The Central Bank said last week it had appointed Alvarez & Marsal to investigate what led the country’s two largest banks, Bank of Cyprus and Popular, to seek state support.
The probe was expected to “provide clarity and comprehension regarding the current financial stress” and guide remediation to strengthen the stability of the banking sector, the Central Bank said in a news release last Friday. Cypriot bank capital shortfalls from over exposure to Greek debt and then reliance on the government for aid forced Cyprus into seeking a financial bailout from its EU partners in June.

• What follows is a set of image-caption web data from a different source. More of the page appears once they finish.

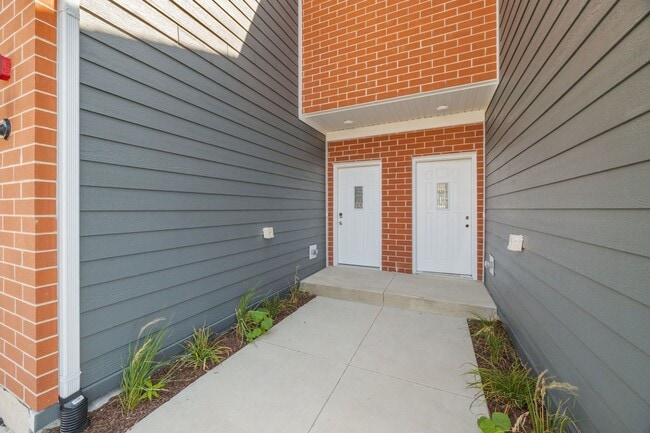 Photo - 1216 Gillespie Ln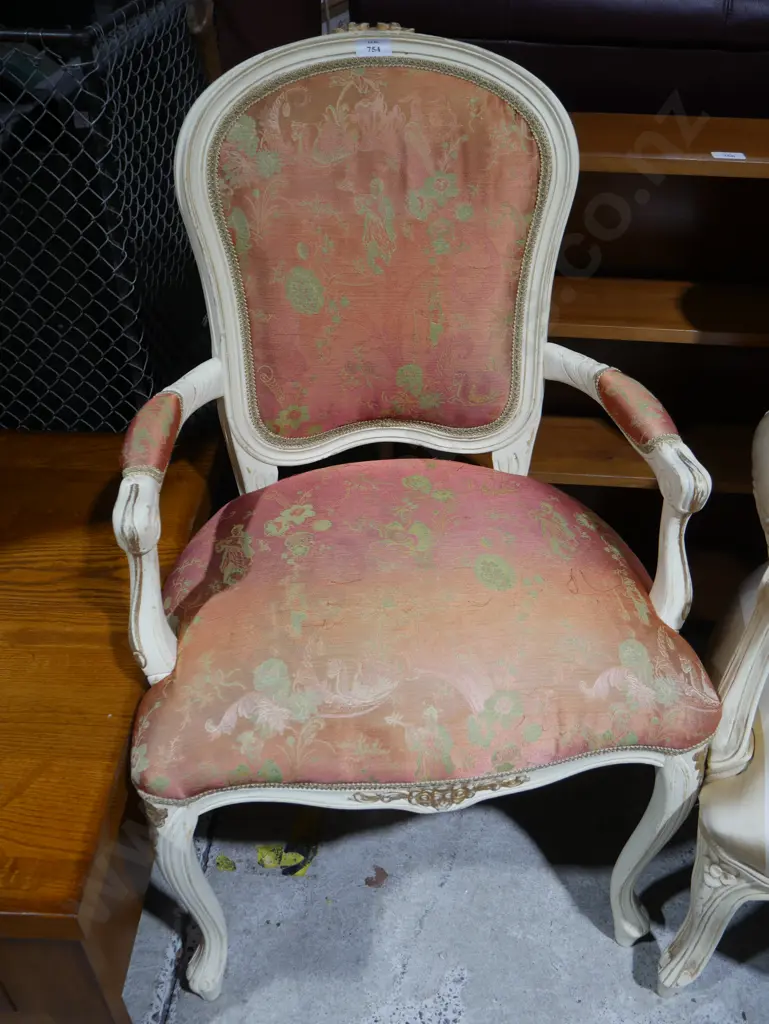 Bedroom elbow chair Image 1++
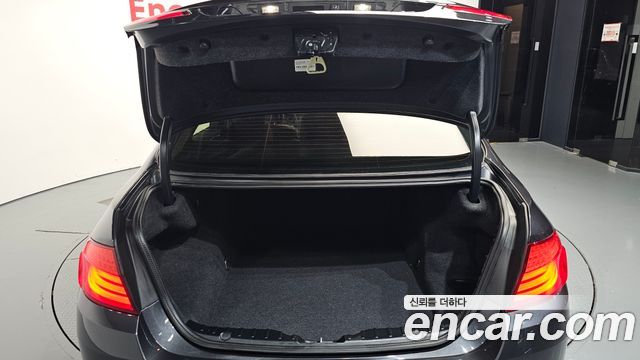 BMW 5-Series 2013 — photo 20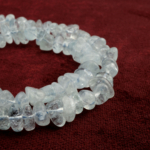 Tek sıra kırıktaş Akuamarin doğal taş dizi – sakinlik, berraklık ve iletişim enerjisini destekleyen toptan doğal taş dizi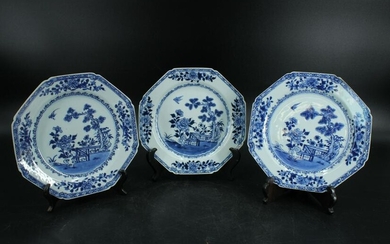 3 Chinese Blue and White Export Porcelain Plates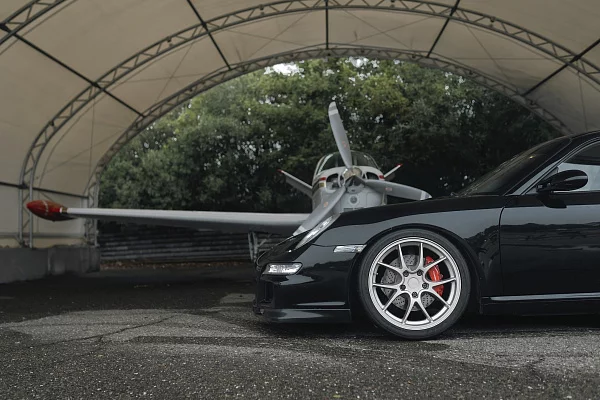 Фото дисков Rotiform LTN-J Серебро на Porsche 911 VI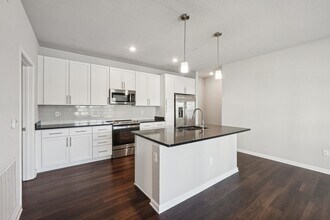Bell Westchase in Tampa, FL - Building Photo - Building Photo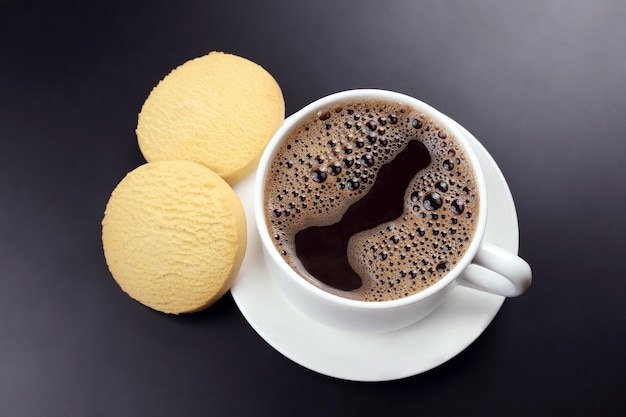 Weiße Tasse schwarzen Kaffee mit Keksen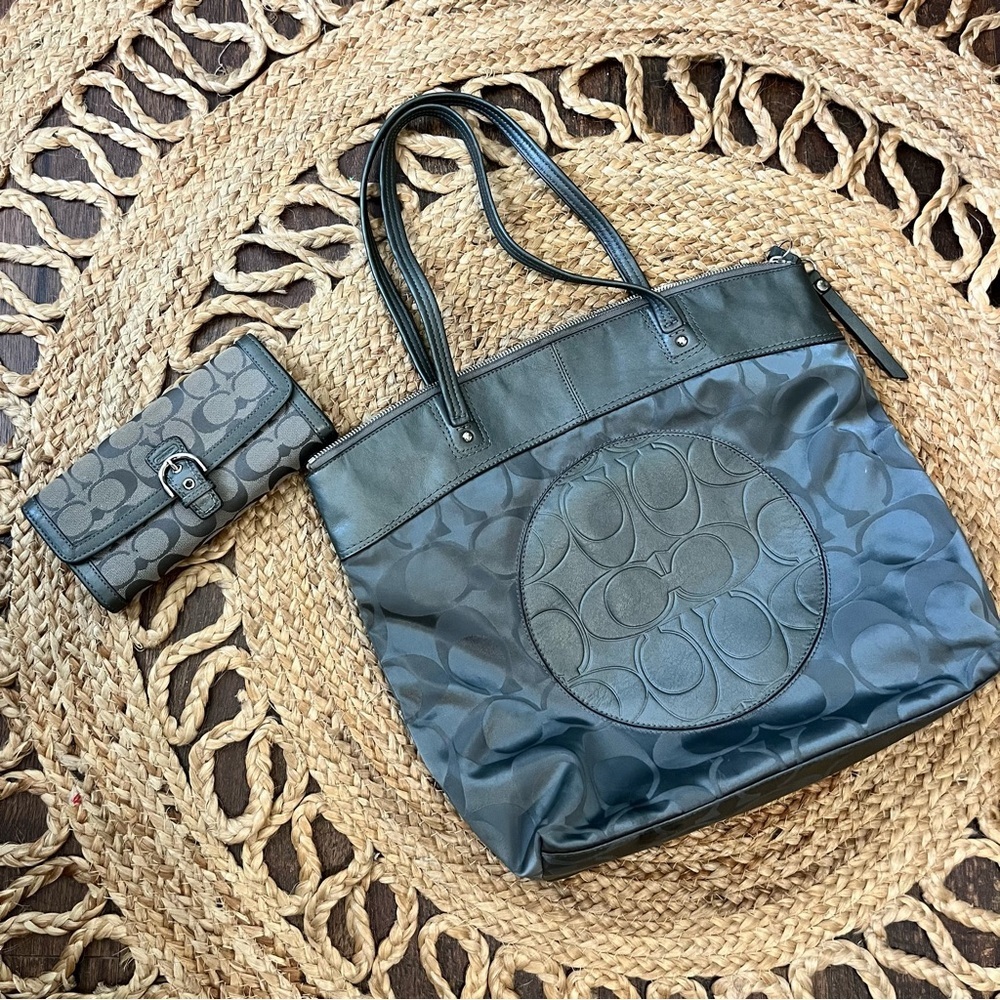 Pristine Coach Bag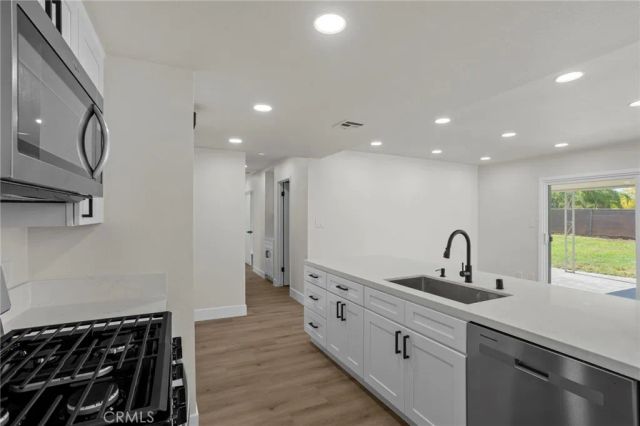 2192 Adrienne, Corona, CA 92882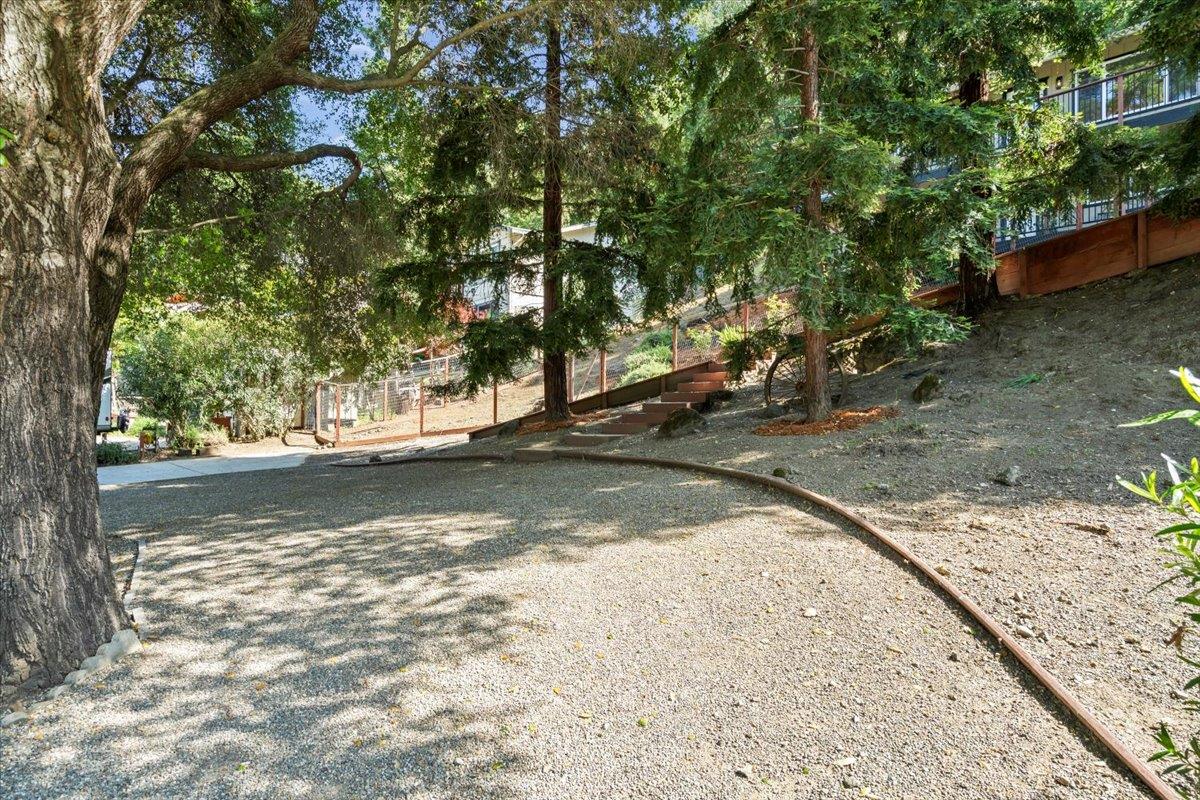 Detail Gallery Image 6 of 31 For 17785 Manzanita Dr, Morgan Hill,  CA 95037 - 3 Beds | 2 Baths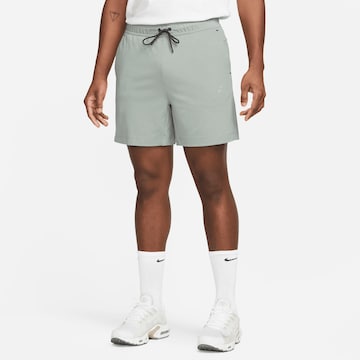 Nike Sportswear Loosefit Shorts in Grün: Vorderseite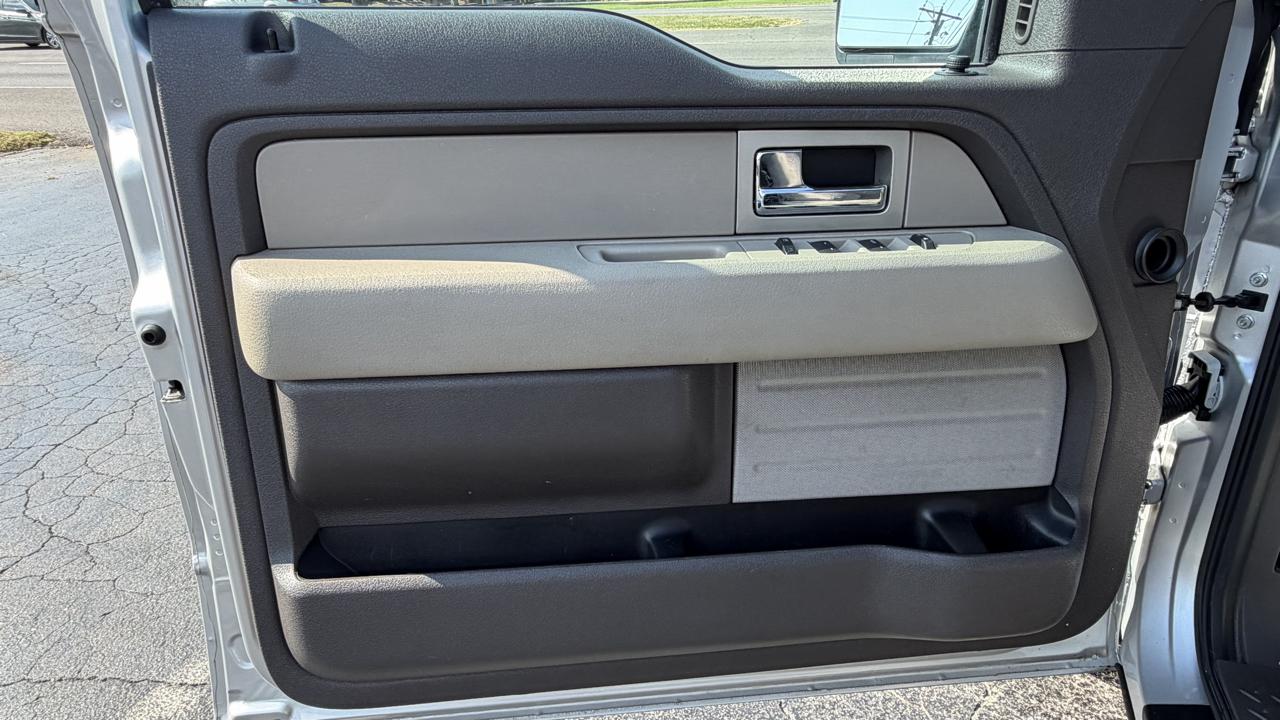 Ford F-150 2WD SuperCrew 145" XLT 2010
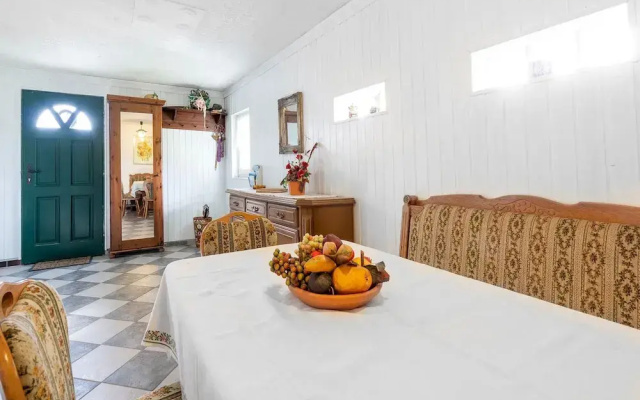 Lodge in Bohemia With Sauna and Bubble Bath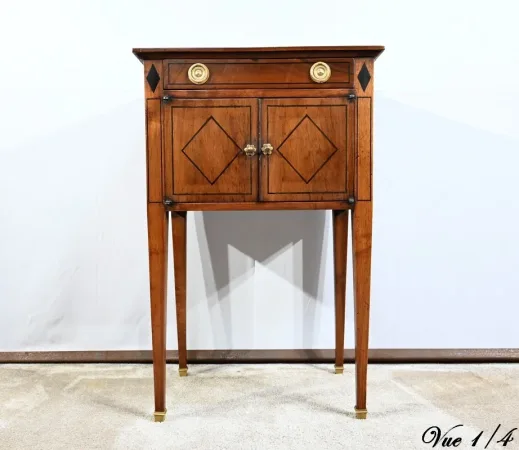 Petit Meuble de Salon en Noyer, style Transition Louis XVI/Directoire – 1ère Partie XIXe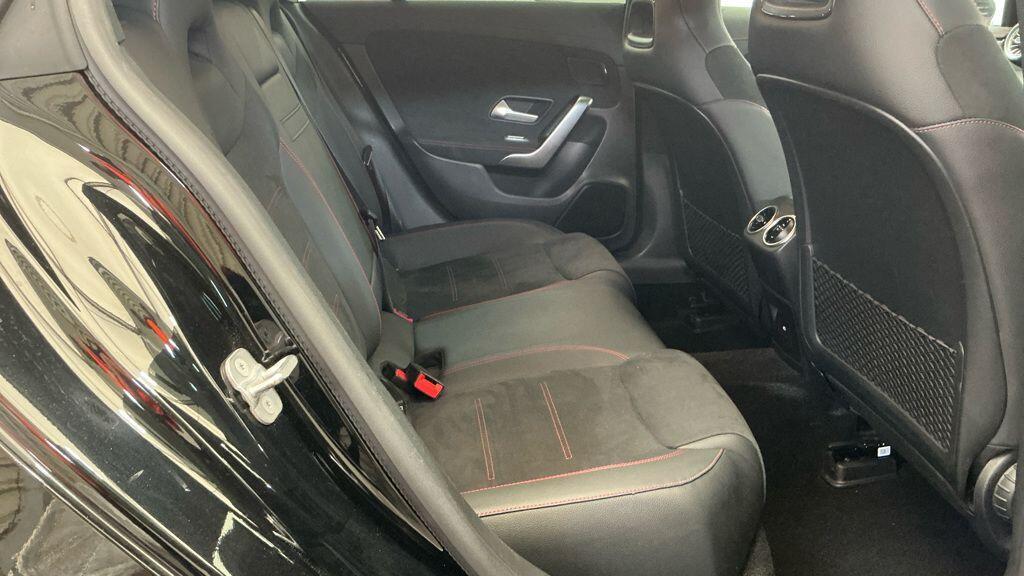 Mercedes-benz CLA - Image 8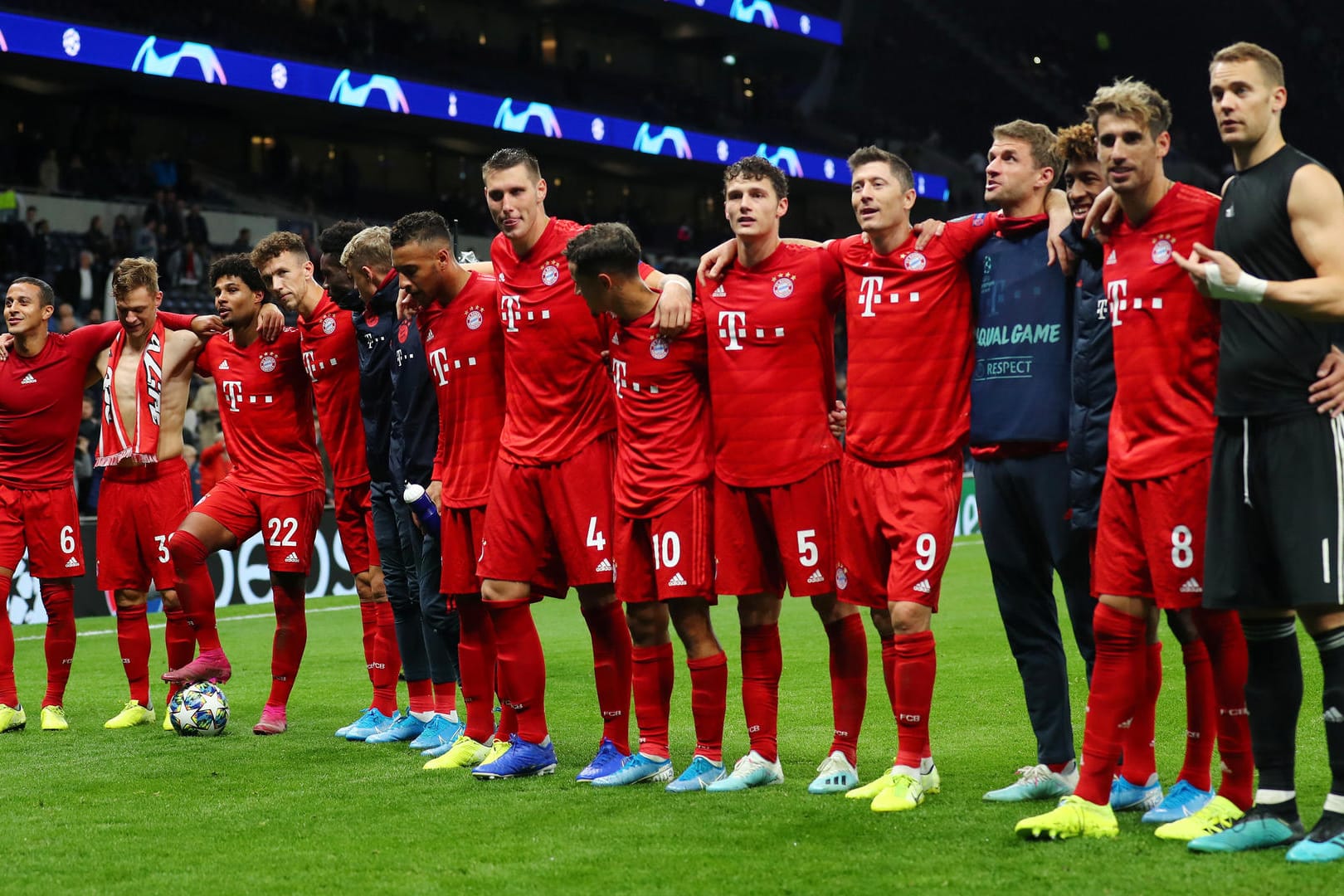 Mit einem furiosen 7:2 bei Tottenham Hotspur hat der FC Bayern München die Tabellenführung in Champions-League-Gruppe B ausgebaut. Dabei überragte ein Außenstürmer. Die t-online.de-Noten zum Durchklicken. Mit einem furiosen 7:2 bei Tottenham Hotspur hat der FC Bayern München die Tabellenführung in Champions-League-Gruppe B ausgebaut. Dabei überragte ein Außenstürmer. Die t-online.de-Noten zum Durchklicken.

A&M will investigate the conditions under which the bonds were acquired, the banks’ expansion abroad and the responsibility of the regulator.
The result of the investigation will help the Central Bank Governor make the necessary changes if it transpired that certain things must be put on a better basis, the source said.
Popular required state aid to fill a €1.8 billion shortfall in regulatory capital, and the Bank of Cyprus sought €500 million i.e. support when its own recapitalisation efforts fell through.
Both banks posted considerable losses on Greece’s debt restructure earlier this year, agreed by European Union leaders to make that country’s debt more sustainable.